What needs to be done
Repeat only the lines below that run from the line with "Bee Thank You Favor" to the line with "مملوكة مسبقًا طقم", ends included; skip every picture.

Listed records
+===+

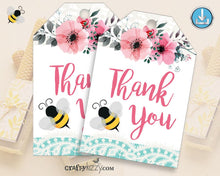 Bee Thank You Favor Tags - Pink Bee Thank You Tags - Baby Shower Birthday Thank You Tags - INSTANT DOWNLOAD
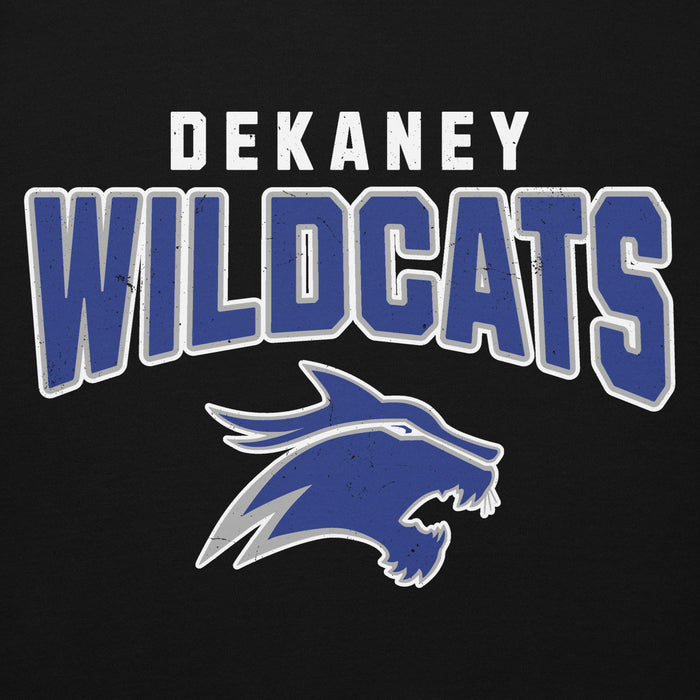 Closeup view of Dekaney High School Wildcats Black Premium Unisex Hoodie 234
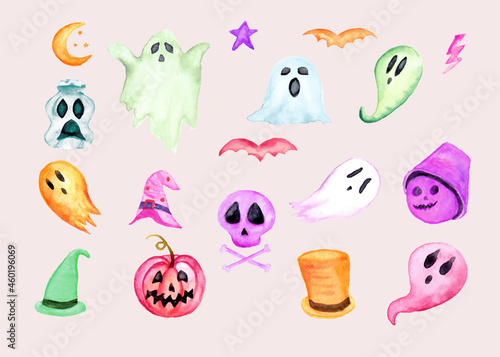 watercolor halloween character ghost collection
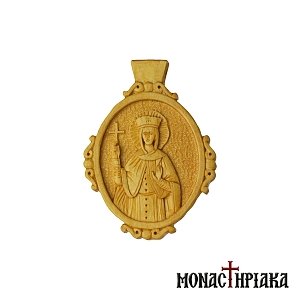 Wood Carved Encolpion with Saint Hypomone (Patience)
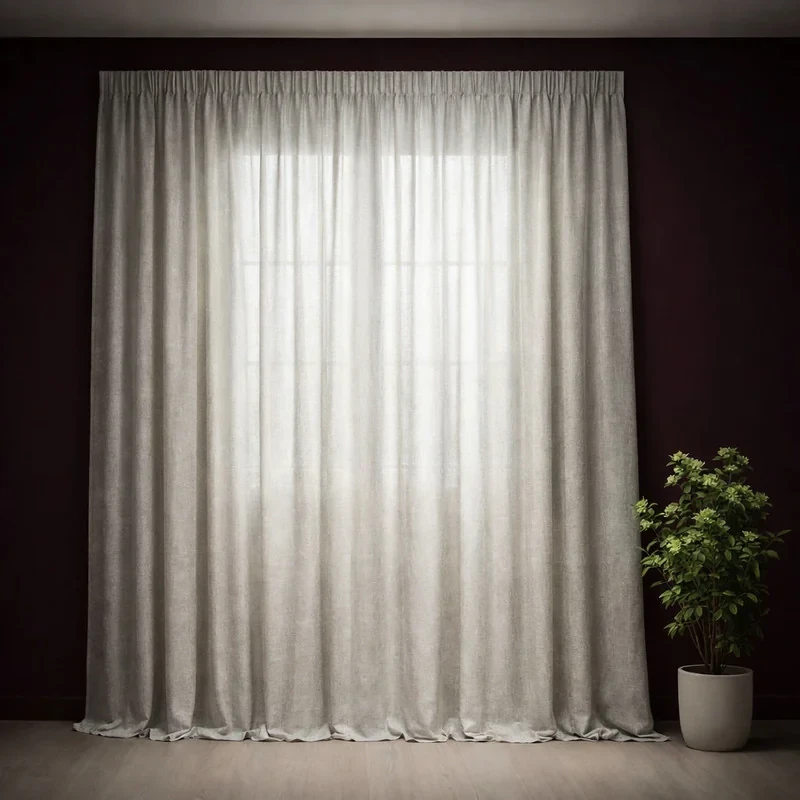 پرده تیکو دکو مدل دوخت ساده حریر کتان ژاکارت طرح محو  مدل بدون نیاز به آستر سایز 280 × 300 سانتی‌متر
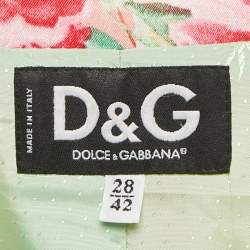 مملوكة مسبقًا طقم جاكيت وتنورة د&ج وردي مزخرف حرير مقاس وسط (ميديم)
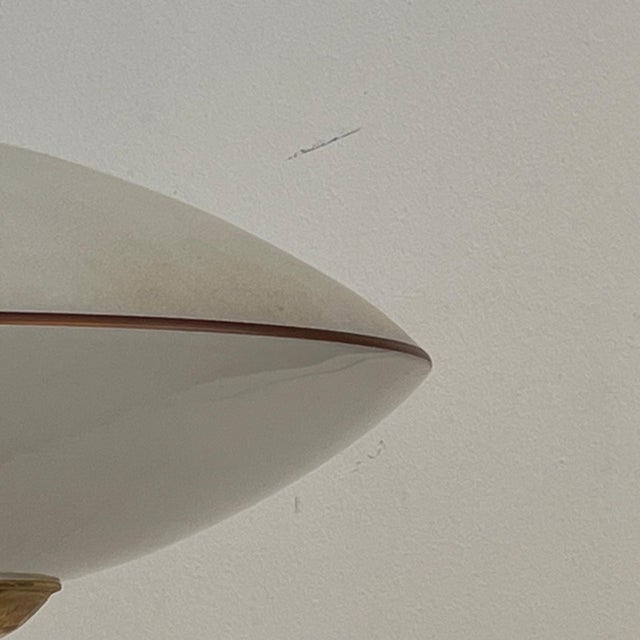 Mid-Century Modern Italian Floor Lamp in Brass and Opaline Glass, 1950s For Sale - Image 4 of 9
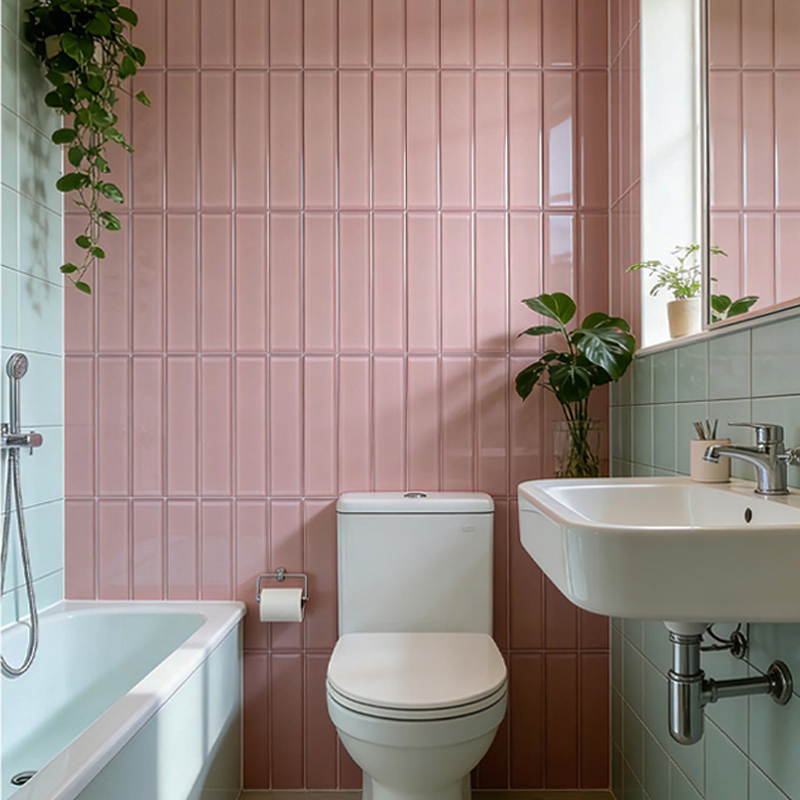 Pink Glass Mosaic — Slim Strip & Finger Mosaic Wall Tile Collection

+===+

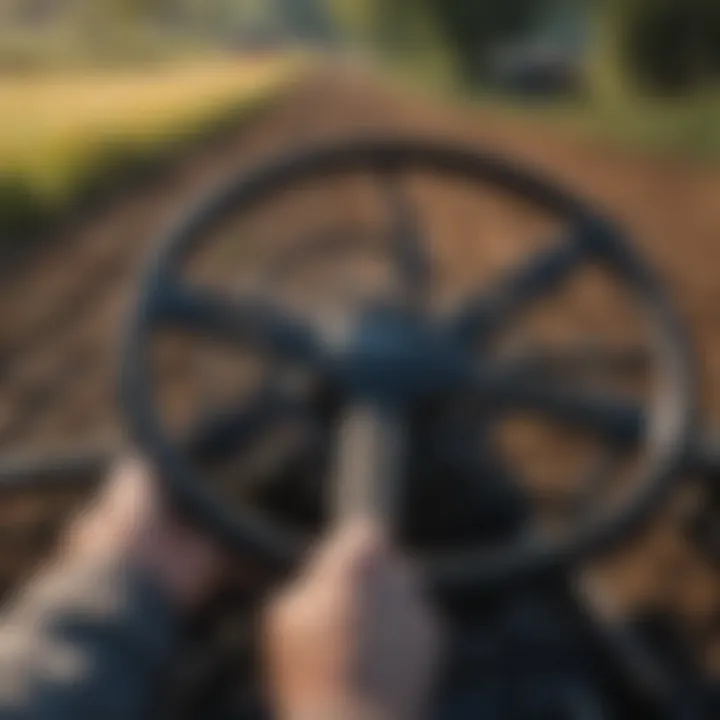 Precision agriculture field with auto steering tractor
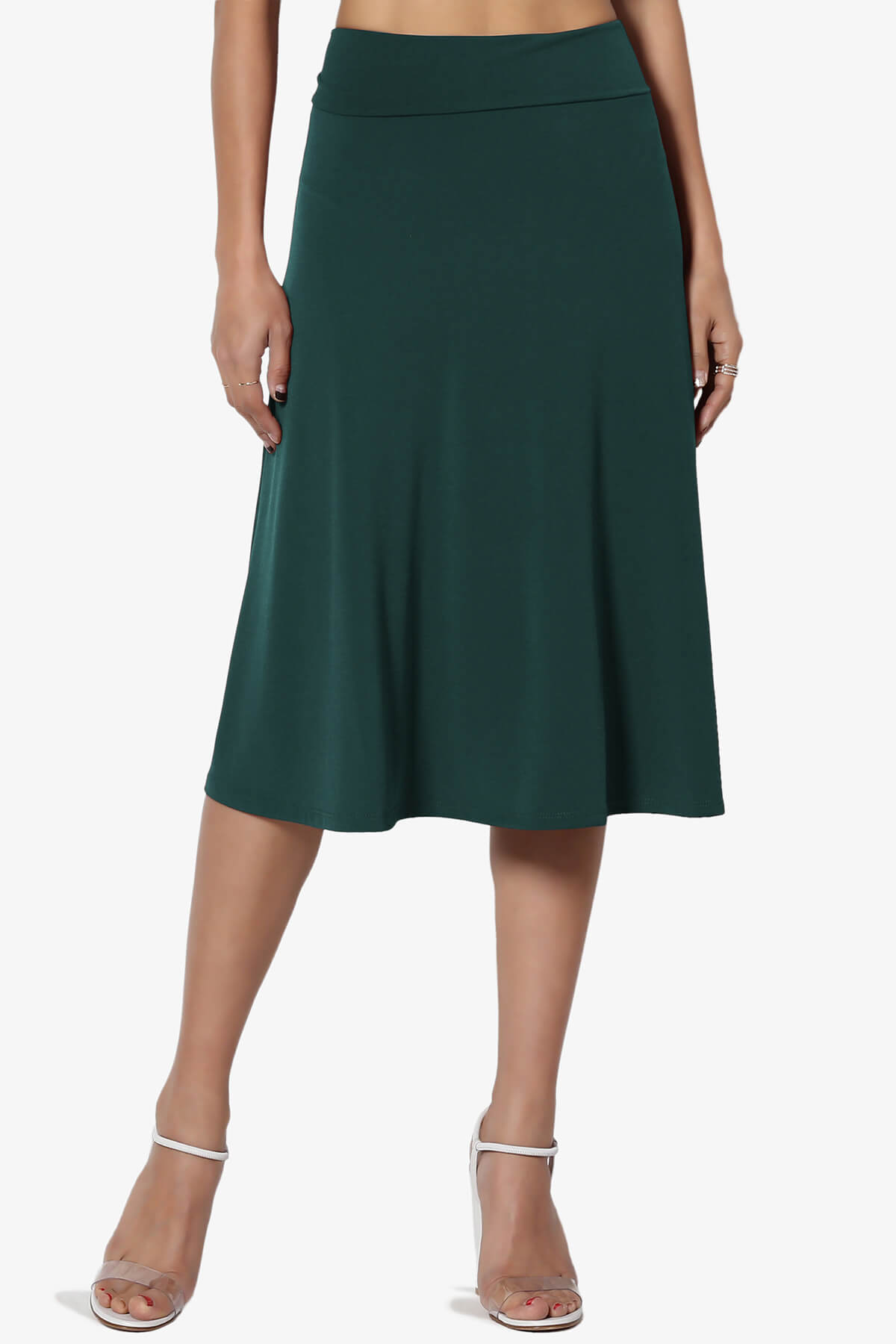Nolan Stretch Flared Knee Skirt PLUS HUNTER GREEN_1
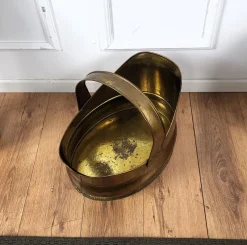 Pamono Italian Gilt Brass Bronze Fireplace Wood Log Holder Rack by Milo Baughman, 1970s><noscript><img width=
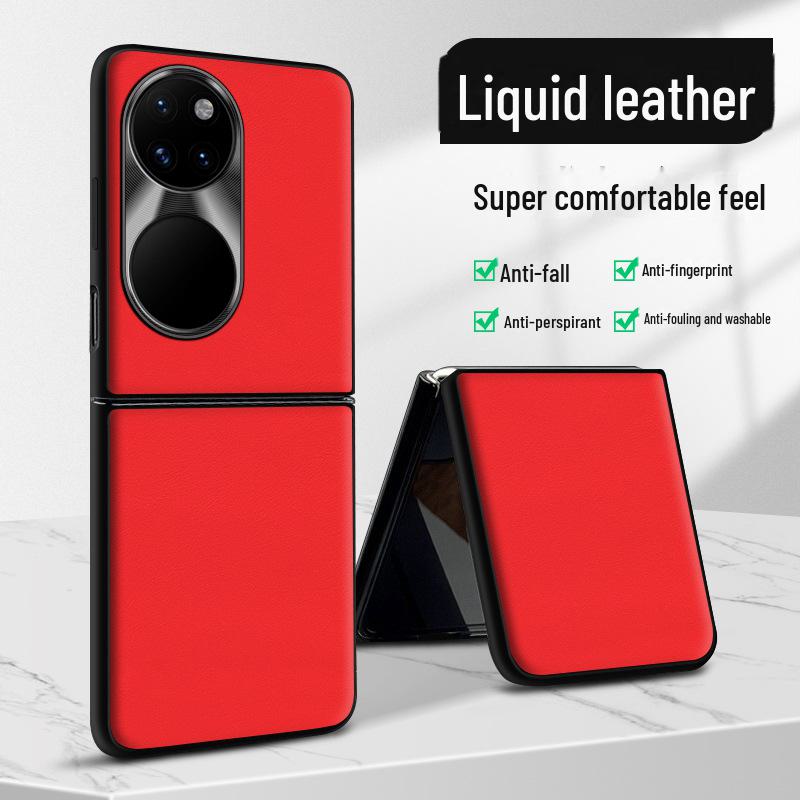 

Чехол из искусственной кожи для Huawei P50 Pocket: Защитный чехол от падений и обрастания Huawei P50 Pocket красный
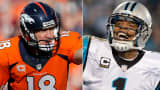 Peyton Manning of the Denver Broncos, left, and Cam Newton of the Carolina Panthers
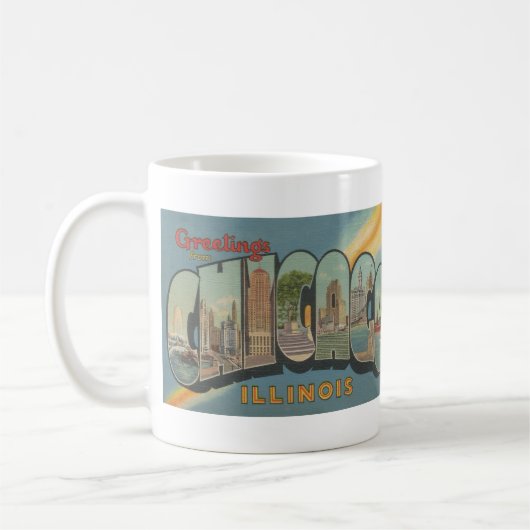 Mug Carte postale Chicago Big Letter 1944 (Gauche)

+===+

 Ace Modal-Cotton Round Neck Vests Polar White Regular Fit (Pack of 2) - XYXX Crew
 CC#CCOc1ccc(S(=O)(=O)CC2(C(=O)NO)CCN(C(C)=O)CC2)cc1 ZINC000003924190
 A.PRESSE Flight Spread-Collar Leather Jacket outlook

+===+

Answer box
 Bee Thank You Favor Tags - Pink Bee Thank You Tags - Baby Shower Birthday Thank You Tags - INSTANT DOWNLOAD
 Closeup view of Dekaney High School Wildcats Black Premium Unisex Hoodie 234
 watercolor halloween character ghost collection
 Wood Carved Encolpion with Saint Hypomone (Patience)
 پرده تیکو دکو مدل دوخت ساده حریر کتان ژاکارت طرح محو  مدل بدون نیاز به آستر سایز 280 × 300 سانتی‌متر
 مملوكة مسبقًا طقم جاكيت وتنورة د&ج وردي مزخرف حرير مقاس وسط (ميديم)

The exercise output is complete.